Usually it’s a 15 minute trip along the coastal road from Deir al Balah to Gaza city. The trip affords views of sunsets, fishermen (and often Israeli naval ships in the distance, harassing fishermen), beach-goers, food-vendors (basics: roasted corn, nuts…), the black filth of Wadi Gaza’s sewage outpour into the sea (windows stay down, stench overcomes the car), and the few wedding halls and restaurants which struggle to stay open during hard economic times.
It’s an interesting ride, much to see and think about, and Gaza always appears more quickly than I expect.
Yesterday, the ride was longer.
The long, yellow, 8 seater taxi which picked me up was going to Gaza. But I was the first fare in, so the trawl began. Up the central street of Deir, honking and calling for Gaza riders. We passed a larger circle of men setting up plastic chairs, sitting, and waiting for the men’s wedding party to begin.
He trawled, despairing honks more frequent as we near Saleh el Din, the main north-south road running centrally through the Strip. Some drivers will about-face and trawl the main road again looking for fares, but this one decided to turn north, to Gaza. I was his only fare still, with the exception of a group of girls who rode 2 minutes along the way to the bank, then hopped out.

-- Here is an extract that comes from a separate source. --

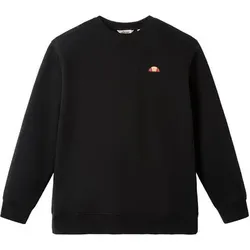 ELLESSE ellesse Herren Sweatshirt - ISLINGTON, Sweater, Rundhals, Langarm, Logo, Größe 2XL in Schwarz Schwarz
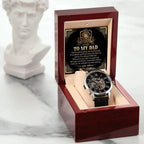 Dad Gift -Put On Your Crown Men's Openwork Watch with Gift Box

A few more minutes along the road we picked up a couple and their 4 young kids, all nicely dressed. They crammed themselves into the back seat and we set off. Another stop and a man heading to Nusseirat just a little further along the road climbed in front.
Nusseirat’s main street was thriving with what seemed to be more than the usual fruit and veg stands, falafel and kebab joints, and the glow of bare-bulbs over tables set up with anything sellable (mostly coming in through the tunnels). At a photographers, the nicely-dressed family got out and headed in for what should be a lovely picture, all of them very photogenic.
A man headed for the Shifa hospital area of Gaza got in, the man headed to Nusseirat got out. Another going to Zahara further down the road got in, and our taxi coughed off.
The driver scoured still for fares. We passed an area resplendent with trees –this was somewhere close to Wadi Gaza, I felt, as I’d heard near the Wadi there once were forests. This was far from a forest, but greener than the grey desolation that is much of Gaza’s cities, save the palms of Deir al Balah and Nusseirat, and the farm growth of the border areas to the east.
Somewhere along the way, on roads I had not traveled yet in 9 months, we dropped the Zahara man and picked up 4 young women and their mother.
We turned, drove, turned and re-joined the coastal road.
The sea drew me in and I lost myself, until a tappping on my shoulder revived me. One of the young women in the back wanted to know if I was an ajnerbia or not. Yes, I am from another country, I smiled back to her in Arabic.
My thoughts of the sea were again cut short by the tapping: Did I speak English? What was my name? How long had I been here? What did I think of Gaza? Could she have my phone number and we could be friends?
She was brimming that generous Palestinian smile, uttering those generous words of welcome that come so easily to lips here.
In between taps and questions I managed to catch glimpses of sea-revelers: youths swimming in the moonlight; a couple sitting on a boulder looking out to the sea; a family on a blanket…and whiffs of their picnics.
We turned up a road, away from the sea, and continued along a path I’ve seen so often, passing Gaza’s more recent ruins: the bombed and burned buildings near al Quds hospital, the small vegetable stand that stood charred at the massacre’s end but which was replaced by a tent in a matter of days –the determined vendor always waves enthusiastically when I pass –the skeletons of Ministry buildings… I remembered how this very road was avoided by all but the Red Crescent ambulances, people fearing the next re-strike on the Ministry buildings or universities also along the road.
And finally, an hour later, my 15 minute trip ended. New roads, new people, same old destruction, same friendliness. There’s always something to notice in Gaza.